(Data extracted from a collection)

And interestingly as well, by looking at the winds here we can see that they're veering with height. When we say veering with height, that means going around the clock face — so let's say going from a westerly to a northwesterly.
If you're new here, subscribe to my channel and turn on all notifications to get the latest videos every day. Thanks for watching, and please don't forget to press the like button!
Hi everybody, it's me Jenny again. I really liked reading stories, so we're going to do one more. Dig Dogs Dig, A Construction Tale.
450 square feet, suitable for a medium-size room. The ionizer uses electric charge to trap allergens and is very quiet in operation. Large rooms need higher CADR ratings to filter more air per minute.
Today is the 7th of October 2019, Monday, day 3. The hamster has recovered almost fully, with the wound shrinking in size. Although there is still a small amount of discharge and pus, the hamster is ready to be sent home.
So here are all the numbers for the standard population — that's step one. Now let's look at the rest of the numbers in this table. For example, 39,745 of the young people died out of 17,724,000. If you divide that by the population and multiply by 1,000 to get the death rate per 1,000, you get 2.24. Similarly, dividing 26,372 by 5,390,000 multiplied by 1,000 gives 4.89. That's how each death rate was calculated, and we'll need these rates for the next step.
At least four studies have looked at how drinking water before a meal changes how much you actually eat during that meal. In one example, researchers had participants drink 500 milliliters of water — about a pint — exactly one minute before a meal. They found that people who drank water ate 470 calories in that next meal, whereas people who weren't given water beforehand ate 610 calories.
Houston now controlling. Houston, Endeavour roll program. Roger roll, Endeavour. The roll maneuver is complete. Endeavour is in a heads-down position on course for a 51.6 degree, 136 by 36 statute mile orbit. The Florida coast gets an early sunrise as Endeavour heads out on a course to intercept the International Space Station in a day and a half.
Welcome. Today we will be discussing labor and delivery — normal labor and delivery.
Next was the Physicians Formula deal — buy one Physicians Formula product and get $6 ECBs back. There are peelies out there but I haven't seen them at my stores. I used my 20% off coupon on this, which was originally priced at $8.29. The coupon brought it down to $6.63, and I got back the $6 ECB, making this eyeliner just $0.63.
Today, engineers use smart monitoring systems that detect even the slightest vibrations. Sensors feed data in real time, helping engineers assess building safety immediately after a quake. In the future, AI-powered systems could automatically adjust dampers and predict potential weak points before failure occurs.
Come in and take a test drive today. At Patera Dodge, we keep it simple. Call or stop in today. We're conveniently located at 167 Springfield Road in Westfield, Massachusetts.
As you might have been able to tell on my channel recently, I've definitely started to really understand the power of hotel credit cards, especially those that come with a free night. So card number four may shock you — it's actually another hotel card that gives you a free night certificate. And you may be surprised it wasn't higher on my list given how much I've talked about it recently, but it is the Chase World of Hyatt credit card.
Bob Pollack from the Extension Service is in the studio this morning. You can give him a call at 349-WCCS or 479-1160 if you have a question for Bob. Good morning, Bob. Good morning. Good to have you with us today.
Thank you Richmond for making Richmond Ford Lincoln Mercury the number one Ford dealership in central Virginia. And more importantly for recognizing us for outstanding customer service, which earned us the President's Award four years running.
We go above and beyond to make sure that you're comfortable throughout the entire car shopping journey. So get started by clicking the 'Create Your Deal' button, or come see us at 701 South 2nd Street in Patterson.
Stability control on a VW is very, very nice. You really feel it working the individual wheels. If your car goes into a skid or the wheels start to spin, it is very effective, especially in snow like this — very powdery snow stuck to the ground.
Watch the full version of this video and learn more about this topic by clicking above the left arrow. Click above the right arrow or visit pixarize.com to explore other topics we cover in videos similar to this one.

*REQUIREMENT*:
Each line in the entries above, starting at the line with "So here are" and ending at the line with "At least four", is to be printed exactly, and only those lines.

*REPLY*:
So here are all the numbers for the standard population — that's step one. Now let's look at the rest of the numbers in this table. For example, 39,745 of the young people died out of 17,724,000. If you divide that by the population and multiply by 1,000 to get the death rate per 1,000, you get 2.24. Similarly, dividing 26,372 by 5,390,000 multiplied by 1,000 gives 4.89. That's how each death rate was calculated, and we'll need these rates for the next step.
At least four studies have looked at how drinking water before a meal changes how much you actually eat during that meal. In one example, researchers had participants drink 500 milliliters of water — about a pint — exactly one minute before a meal. They found that people who drank water ate 470 calories in that next meal, whereas people who weren't given water beforehand ate 610 calories.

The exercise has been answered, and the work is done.